Now: up at 7 to feed an insistent but no longer pukeybreath Harvey, I start surfing knitblogs (less guiltily than in recent weeks, when I was only avoiding the ends-weaving-in syndrome). Every day I keep finding more yarn shops in Seattle. Do you think it would kill some of them to move a bit south? I'm stuck with growing but too-novelty-focused, slightly snootish Yarn Garden in GH and deliciously-stocked-to-the-rafters-but-intermittently-open-and-no-website Fibers Etc. Where is the famed T-town Renaissance where yarn is concerned? Yeah, yeah, I hear the siren call of "open my own shop" out there, but I push it into the same brainspace as the "open our own Indo restaurant" madness.

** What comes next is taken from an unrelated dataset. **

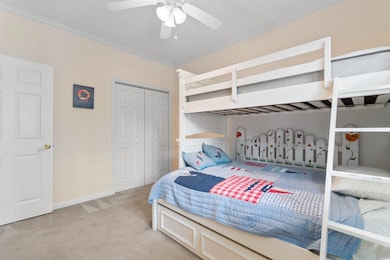 Bedroom with crown molding, light colored carpet, baseboards, a closet, and ceiling fan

However, unlike everyone else I've talked to, I had a great experience at Lamb's Ear Farm, but perhaps it was because the owner wasn't there, just a baby-jumper-knitting young ski-capped guy. Cool. The Yahoo LYS reviews say the owner is a nightmare, and I've had two people tell me that they felt like the staff was watching them like shoplifters--perhaps because of the nightmare layout, with that totally hidden-away back room? But they had some decent books (partly I judge this by whether they have any of the Barbara Walker books), and a nice selection of yarns, some Koigu (almost bit on that one but thought better of $30 socks for the moment--I think I'm saving those for a yarn shopping EVENT, like finding it on a visit to Paul in NYC), lots of the Cascade 220. But jumper-knitting guy was helpful and didn't even smirk when I (looking at jumper) said I'd never done intarsia. He just said nicely, this is fair isle. I'm such a technique groupie.

So the next project made it into my mini project bag, this skanky shop bag from Skeins. Perfect size for socks, perfect handles. For this I spent $45 and a weekend sewing my knitting bag and various project ditty bags? to carry my projects around in a shopping bag? But a nice shopping bag. And the project? A pair of ice-cream pink Fixation socks using the free-with-purchase pattern.

I have to start with this one instead of the IWK Summer 2005 Evelyn Clark "Go with the Flow" socks because, dammit, I have been too cheap to pay full price (no coupon to chintz my way out of it) the required sz 1 dpns. How I love wrestling with the porcupine! And because my magenta superwash Fortissima Socka (another impulse buy, this time at Mount Vernon, on the way home from my retreat) is a little scratchy.

Saturday, July 30, 2005

blog slacker, but looky here!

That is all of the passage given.